Stone by Numbers

Imagine the ability to design natural stone walls, stone by stone, in a virtual world and end up with a real-world duplication of that drawing, stone for stone, color for color and shape for shape.

It’s an architect’s dream come true, says Ken Jackman, president, New World Stoneworks, Uxbridge, Mass. As an artisan product, stone work is difficult to manage without being on-site looking over the mason’s shoulder.

“Ask any architect to tell you a horror story about a stone wall, and they will. Depending on who’s cutting the stone on-site, you have almost no control over the process. What architects love about our system is they can control the design and view it in CAD. And you can proof it on paper before it’s literally set in stone.”

Builders love it too, Jackman says. New World Stoneworks’ jobs can be completed up to 10 times faster than other natural stone projects, and without dust or debris from on-site cutting. “Because our stones are precut, it’s basically just pick and place. A pallet is dropped where the stones are to be installed; they don’t have to be moved very far,” Jackman says.

New World Stoneworks’ products are full-thickness stones up to 6-in. thick. Applications include fireplaces, exteriors, property walls and any place natural stone has ever been applied, Jackman says. The cutting technology New World Stoneworks uses is patented in 14 countries. “It’s a modified water jet with a stream that moves three times the speed of sound, and is mixed with sand. It’s accelerated erosion.”

Stones arrive on-site with numbers etched in their back sides, so all a mason must do is match the stone’s number to its corresponding position on a diagram.

One client specified three stone types in proportions of 50/30/20. Stones were randomized and a rendering was sent to the client. “He looked at it, made some changes, said ‘I’m going to move this stone over here, switch this one here,’ and so on. They received a photographic rendering so they could approve the color scheme,” Jackman says.
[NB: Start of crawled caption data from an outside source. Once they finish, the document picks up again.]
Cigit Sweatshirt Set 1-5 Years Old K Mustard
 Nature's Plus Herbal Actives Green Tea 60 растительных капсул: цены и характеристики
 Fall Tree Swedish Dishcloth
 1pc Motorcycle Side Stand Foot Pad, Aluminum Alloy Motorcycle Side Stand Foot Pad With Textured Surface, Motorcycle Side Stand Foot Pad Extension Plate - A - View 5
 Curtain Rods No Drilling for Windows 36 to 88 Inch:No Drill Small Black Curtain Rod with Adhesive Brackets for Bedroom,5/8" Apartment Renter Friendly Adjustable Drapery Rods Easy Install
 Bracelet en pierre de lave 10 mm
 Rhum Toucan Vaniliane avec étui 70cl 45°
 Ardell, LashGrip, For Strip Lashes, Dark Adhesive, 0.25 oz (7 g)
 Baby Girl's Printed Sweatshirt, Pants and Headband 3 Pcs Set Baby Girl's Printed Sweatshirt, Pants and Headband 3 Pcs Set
Cost comparisons should be made to real stone, not manufactured products, Jackman says. “When compared with quality, full-thickness stone in any area of the country, in some markets we’ll come in at half the price, and in others we’ll be at the same price, but without the dust; plus, you get all the time savings.”

New World Stoneworks has relationships with many quarries, but the company is open to working with a client’s preferred quarry, Jackman says. For more information visit newworldstoneworks.com or circle 21 on the inquiry card.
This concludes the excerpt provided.